No let up in Russian authorities' harassment of civil society


On 2nd October, the international branch of the human rights group Memorial was designated a 'foreign agent' by the Justice Ministry of the Russian Federation. Despite the designation, the group has vowed to appeal the decision in court. As previously covered on the CIVICUS Monitor, a register of 'foreign agents' forms part of the state's broader clampdown on independent civil society and is intended to starve groups of foreign aid and alienate domestic civil society from international cooperation. There were reports in September that the International Memorial Society's offices had been unexpectedly visited by Russian authorities. In a statement, Memorial's Executive Director Elena Zhemkova said: 

'This law is not legal and it's immoral. It determines in advance that if you receive foreign funding you are a foreign agent - regardless of why you received it and what the legal basis is. And it completely rejects the presumption of innocence, which is a key, basic cornerstone of the legal system.'

Reports allege that Russian authorities opened an investigation into several prominent human rights organisations after the pro-government Anti-Maidan Movement questioned their compliance with the Law on Foreign Agents. Memorial was amongst a group of NGOs accused of collaborating with the Open Society Foundations, an organisation funded by Hungarian-American billionaire George Soros, and which is also banned as an undesirable organisation in Russia. 

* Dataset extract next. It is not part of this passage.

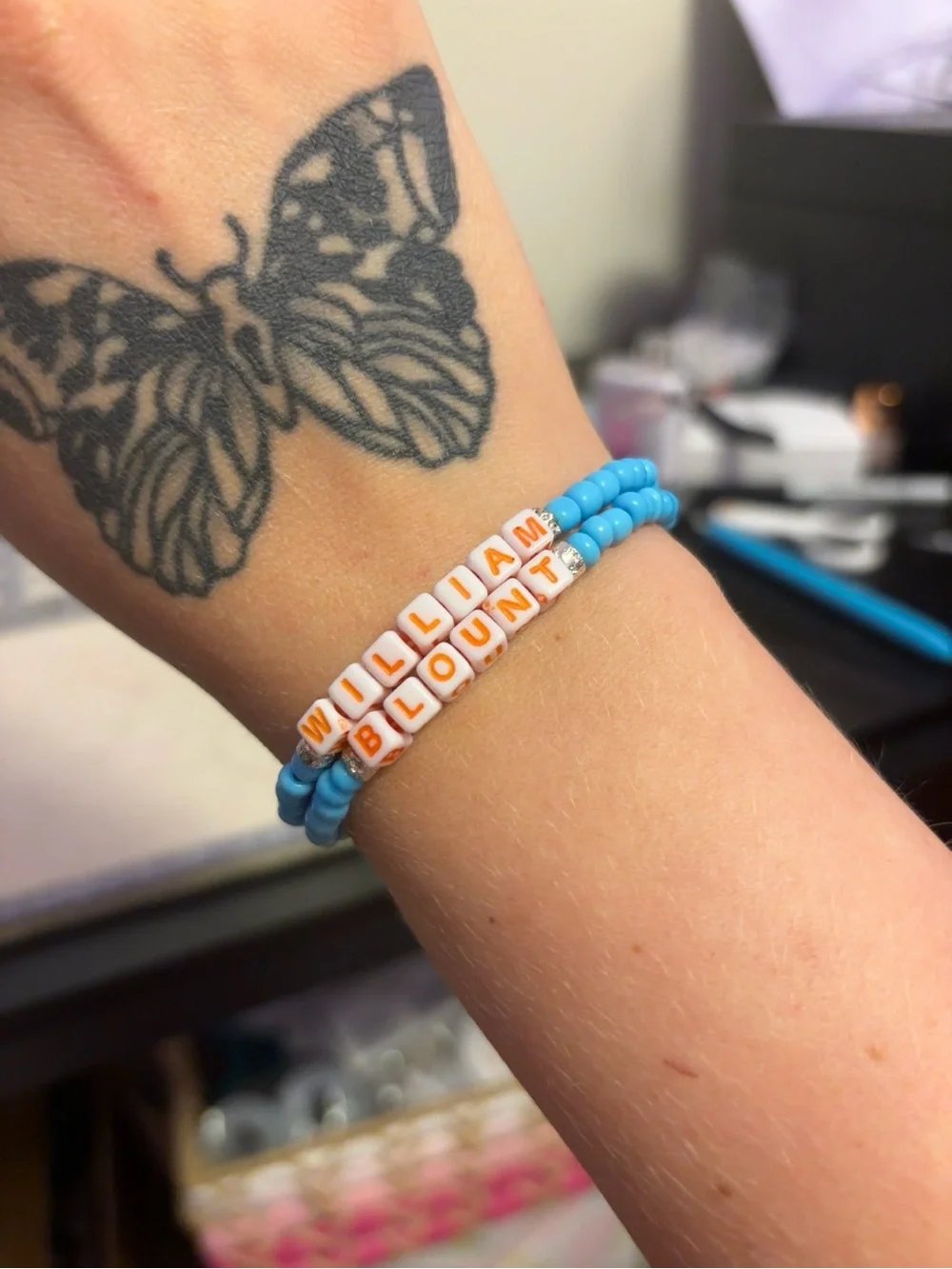 William Blount Spirit Week Bracelet Set 8”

As the crackdown on independent dissent expands, on 2nd November Amnesty International’s Moscow Office was unexpectedly sealed by authorities. Staff arrived at the building to find the locks and alarm system had been removed and the electricity turned off. The building, which belongs to the city's municipal authorities, said that no one could gain entrance unless accompanied by an official. While the reasoning behind this unwarranted harassment remains unclear, it is illustrative of the intimidatory tactics employed by Russian authorities against independent civil society. After over two weeks, on 18th November the office was reopened.

Peaceful Assembly

Russian authorities' decision to enhance restrictions on protest rights after the 'Snow Revolution' in 2011-13 was widely condemned as an attempt to curtail popular uprisings in Russia. In the context of a tightening of an already burdensome framework, on 4th October the European Court of Human Rights awarded compensation to a protester who was unlawfully detained by Russian authorities. Yaroslav Belousov was awarded 12,500 euros from the Russian Federation for unlawful detention, mistreatment in detention, unfair trial, and denial of freedom of peaceful assembly. Belousov's victory against the Russian state has been seen by many as a triumph over aggressive state machinery and an important landmark in the battle to improve Russia's poor human rights record.

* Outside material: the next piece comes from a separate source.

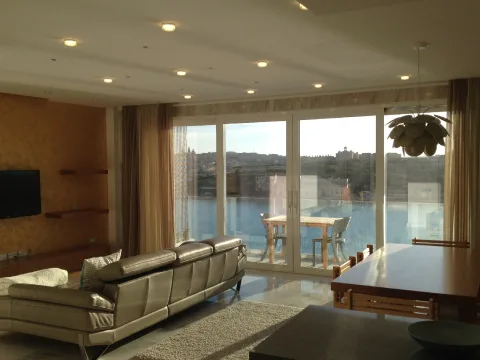 2 bed Apartment For Rent in Sliema, Sliema - thumb 1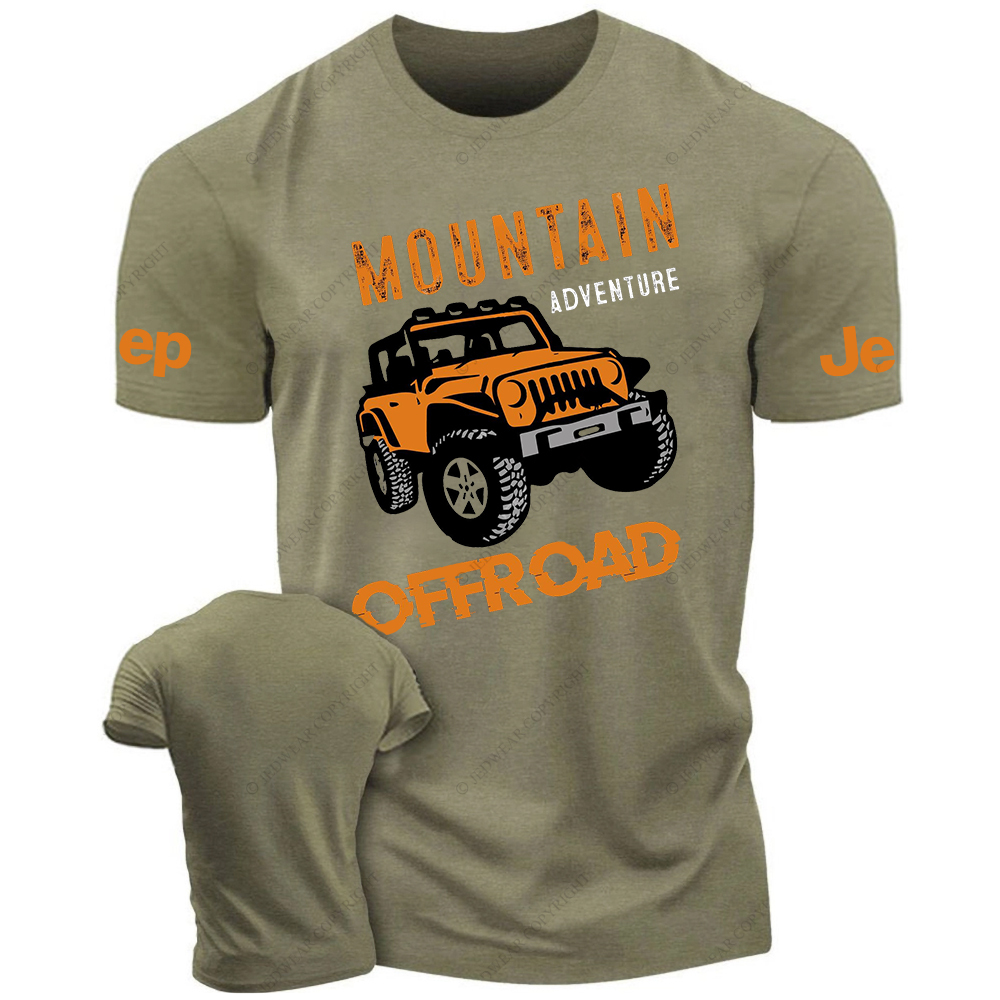 Mountain Adventure Off-Road JP T-Shirt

In another positive development, on 5th October Russia's Supreme Court annulled the records of arrest, conviction, and sentence of another two activists. Ilya Gushchin and Artyom Savelov, who also demonstrated against President Vladimir Putin's reelection on Moscow's Bolotnaya Square in 2012, had their criminal convictions wiped after the court ruling. While the ruling was broadly welcomed by civil society, over 400 people were detained and several dozen prosecuted in arrests during and after the period of protest; meaning many more are still awaiting justice. The video below illustrates the intensity of the protest and the response of the security forces.

On 20th November, people in Kirov organised pickets against the war in Syria and Ukraine. The action was coordinated by the regional office of PARNAS (The People's Freedom Party, Russia). Demonstrators held placards asking Russian authorities to stop pursuing aggressive foreign policy objectives and to cease military involvement Syria and in Eastern Ukraine. Many demonstrators voiced objections to Russia's role in the killing of civilians and Russian soldiers through conflict.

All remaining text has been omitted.